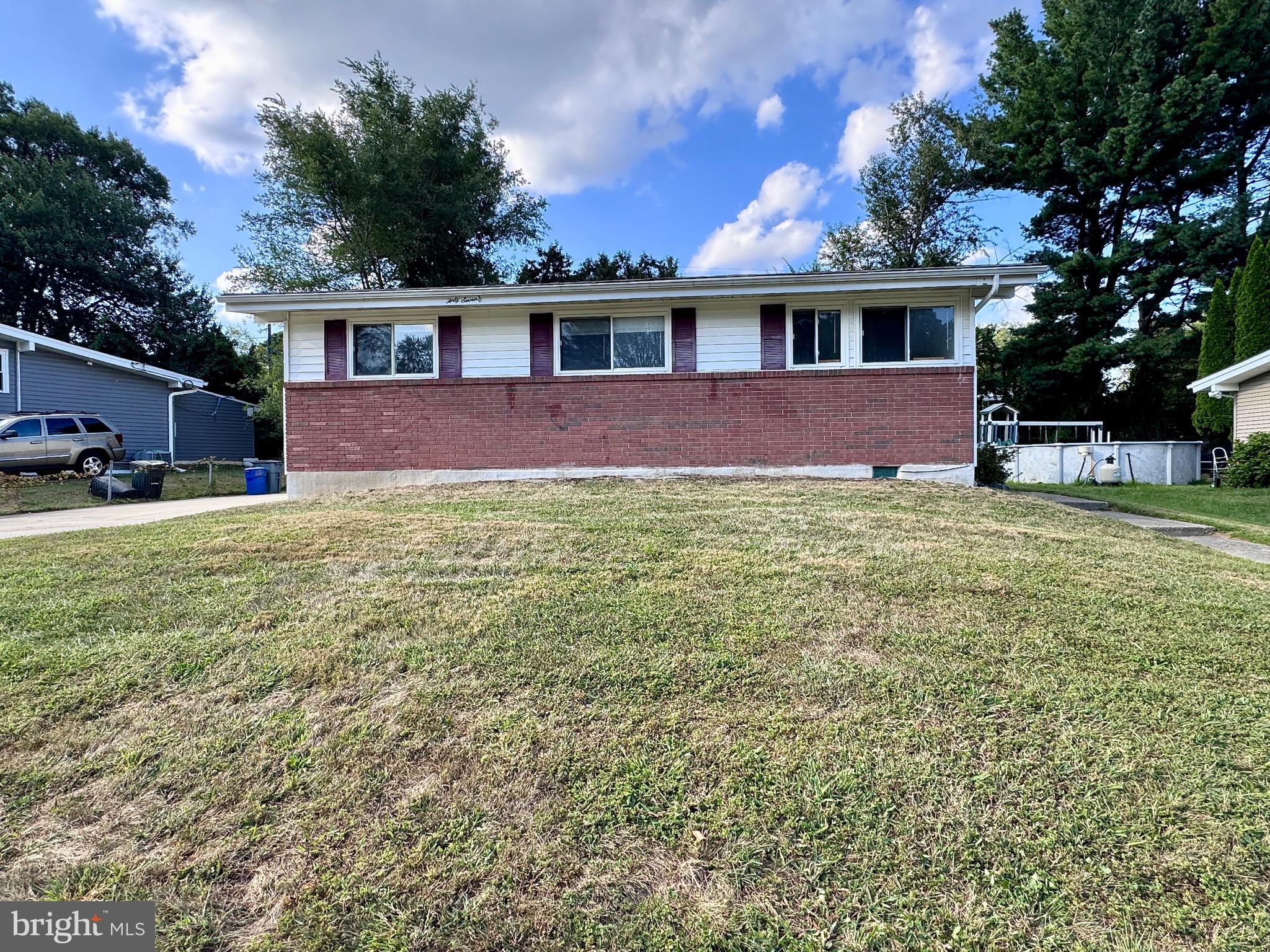 BELLE FARM ESTATES - Residential Lease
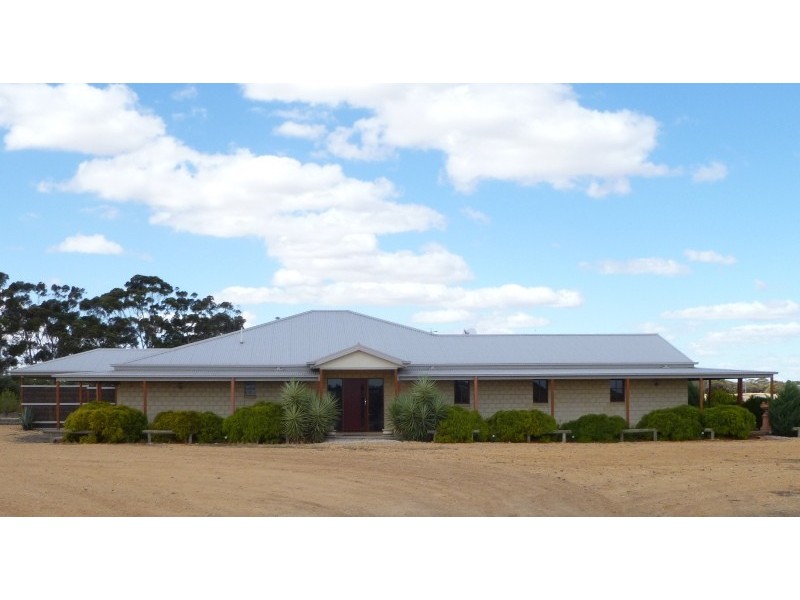 9 Northern Grampians Road, Horsham VIC 3400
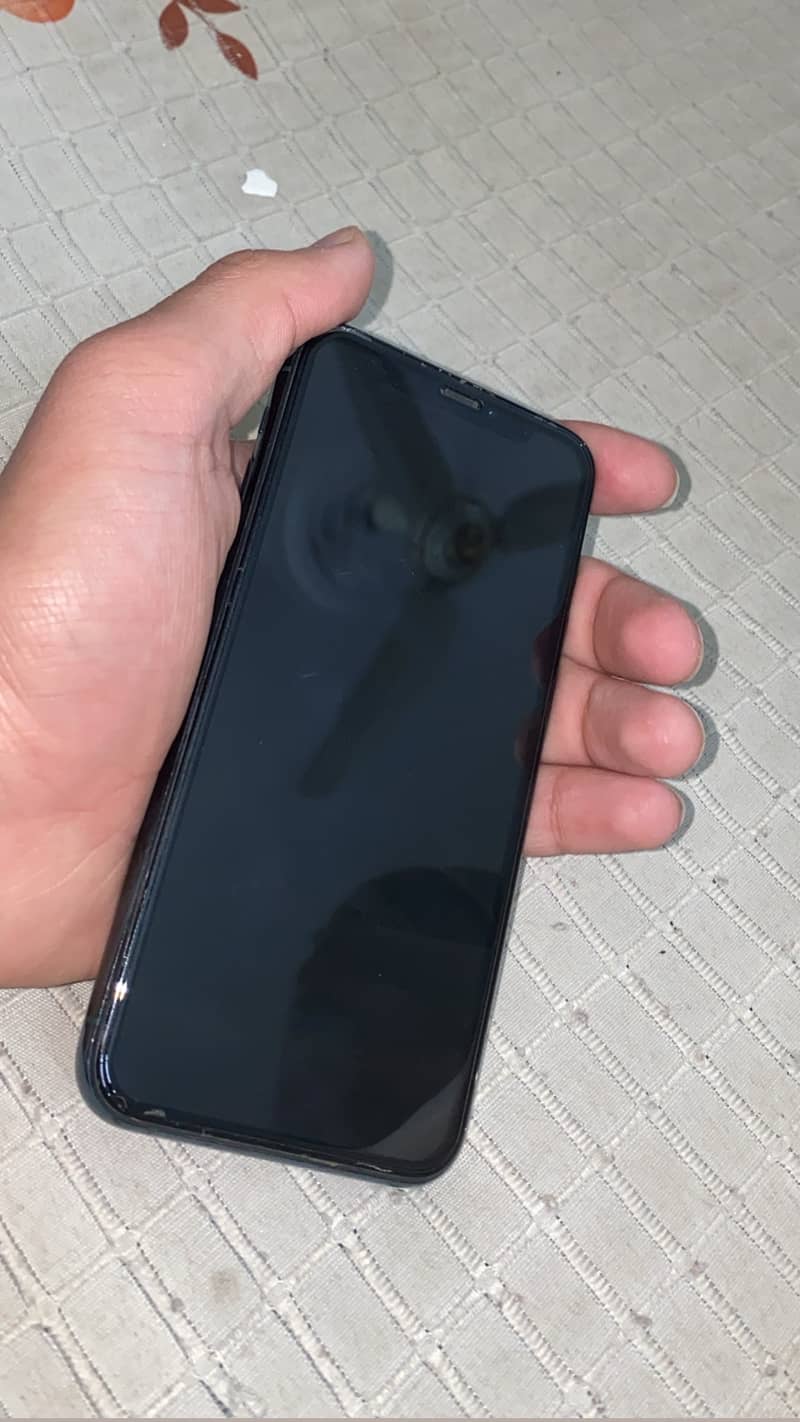 iPhone 11 pro 64 gb pta approved 2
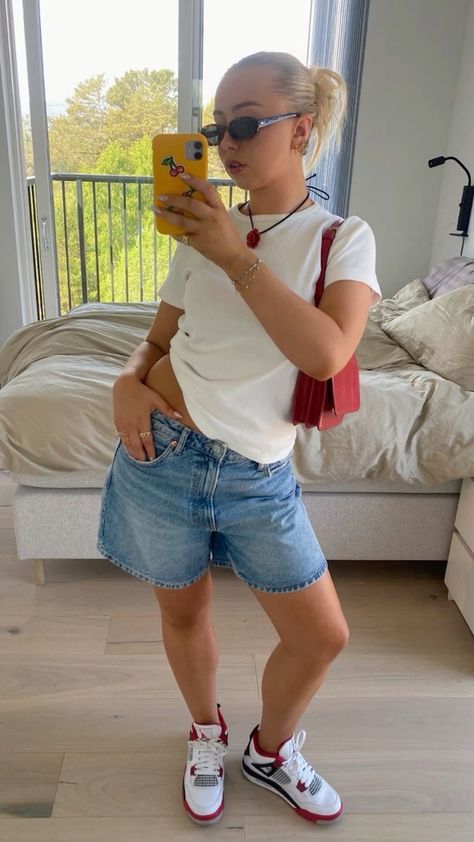 Big Jean Shorts Outfit, Denim Shorts Outfit Summer, Summer Jorts, Adidas Spezials, Jorts Outfit, High Waisted Mom Shorts, Spain Outfit, Denim Shorts Outfit, Denim Skirt Outfits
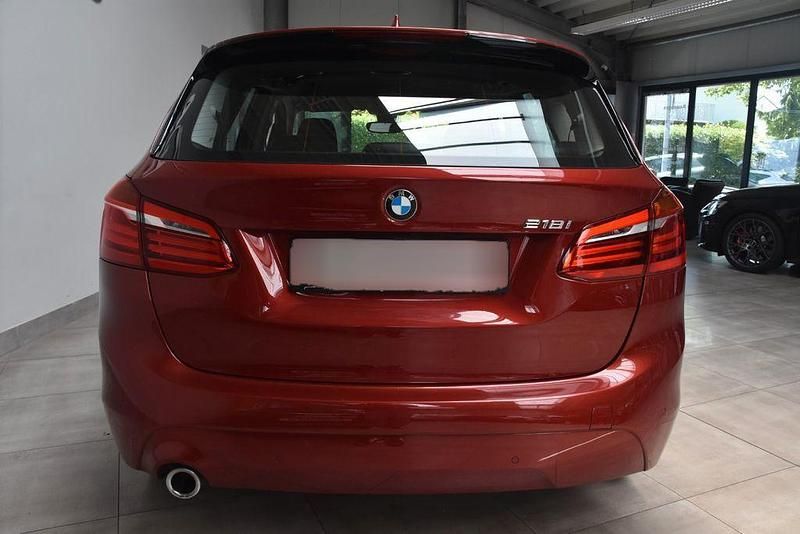 Gebraucht BMW 218 Active Tourer Advantage 140 PS (102 kW) 2019 Rot metallic Van / Kleinbus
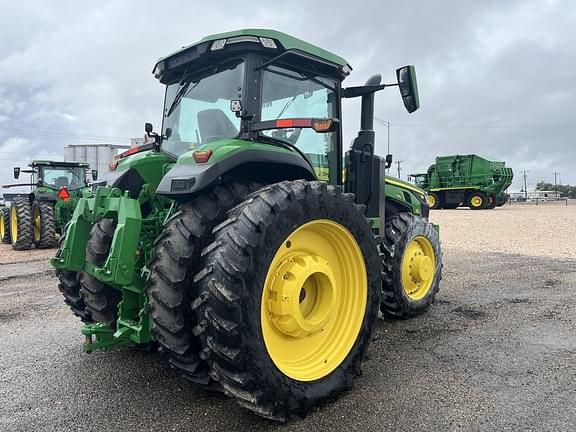 Image of John Deere 8R 310 equipment image 4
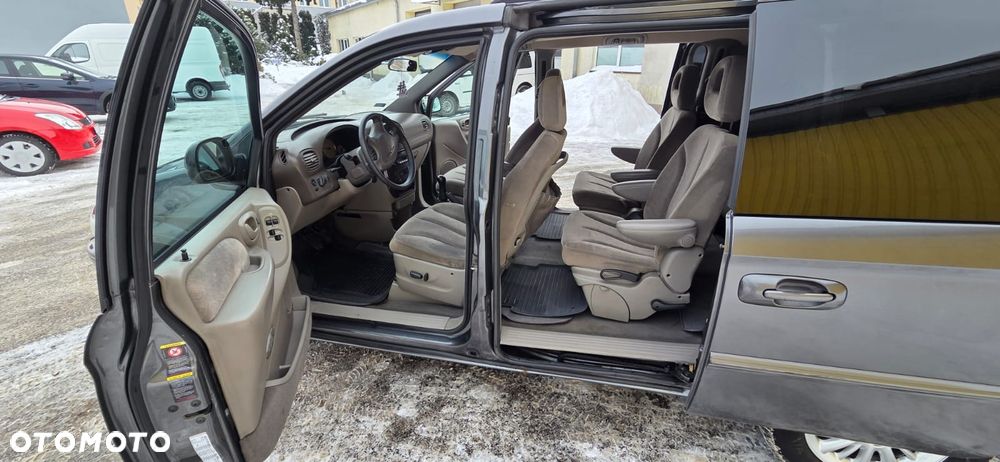 Chrysler Voyager 2.5L CRD SE - 10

→ **EXERCISE REQUIREMENTS**
Reproduce, exactly and with no pictures, the lines from the line containing "Big Jean Shorts" through the closing line of the data above, keeping both ends.

→ **SOLUTION**
 Big Jean Shorts Outfit, Denim Shorts Outfit Summer, Summer Jorts, Adidas Spezials, Jorts Outfit, High Waisted Mom Shorts, Spain Outfit, Denim Shorts Outfit, Denim Skirt Outfits
 Gebraucht BMW 218 Active Tourer Advantage 140 PS (102 kW) 2019 Rot metallic Van / Kleinbus
 Image of John Deere 8R 310 equipment image 4
 Chrysler Voyager 2.5L CRD SE - 10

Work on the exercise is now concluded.